Thirteen points are given in the plane so that among any three of them there is a pair whose distance is less than $1$. Prove that it is possible to select seven of the points so that they are all interior to a circle of radius $1$.
This problem can be solved by using the Pigeonhole Principle. Let $A$ be any given point, and consider the circle $C_A$ of radius $1$ around $A.$ If there are at least seven points in this circle, we are done. If not, let $B$ be a point outside $C_A$, and consider $C_B$, a circle of radius $1$ around $B.$ By the condition in the problem, all points are in $C_A$ or $C_B$, so by the Pigeonhole Principle at least seven of the points lie in the same circle.
Now the question is whether the result could be sharpened to assert that it is possible to select seven of the points so that they are all interior to a circle of radius $\frac{1}{\sqrt{3}}$. If so, how can this be shown?
The picture shows an incorrect distribution of seven points in the circle, but helps us find proof of the statement:
Assume that seven of the points lie in a circle $C$ of radius $1,$ and the remaining six lie outside a circle $C'$ concentric to $C,$ radius of $C'$ being at least $3.$
Ignore for a while the six points that lie outside.
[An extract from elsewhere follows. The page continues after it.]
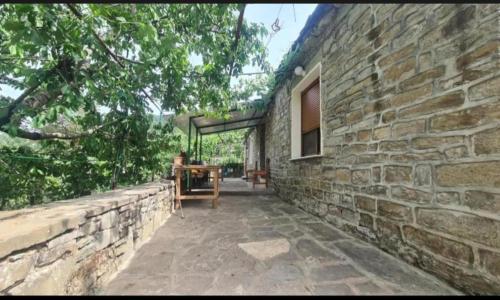 a stone house with a stone wall and a patio at Gest House Felau in Përmet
The picture shows the most stretched relative position of the seven points: one is a center of the circle, four points $1,4,5,3$ lie near the vertices of a regular hexagon, two other points are close to the arcs $(1,4)$ and $(3,5),$ respectively.
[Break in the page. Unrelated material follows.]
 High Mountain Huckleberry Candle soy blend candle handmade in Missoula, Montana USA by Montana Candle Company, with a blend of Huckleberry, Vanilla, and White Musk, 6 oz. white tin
HOWEVER, the distribution of the thirteen points as decribed does not fulfill the condition. The problem only occurs if one of the three points lies outside $C'$ and the two inside $C,$ but they are too far apart. Therefore, the distance between any two points inside $C$ must be less than $1.$ Consequently, the seven points lie inside a curvilinear triangle (such as in the picture, with vertices $1,2,4$). As the circumradius of this triangle is $\frac{1}{\sqrt3},$ we are done.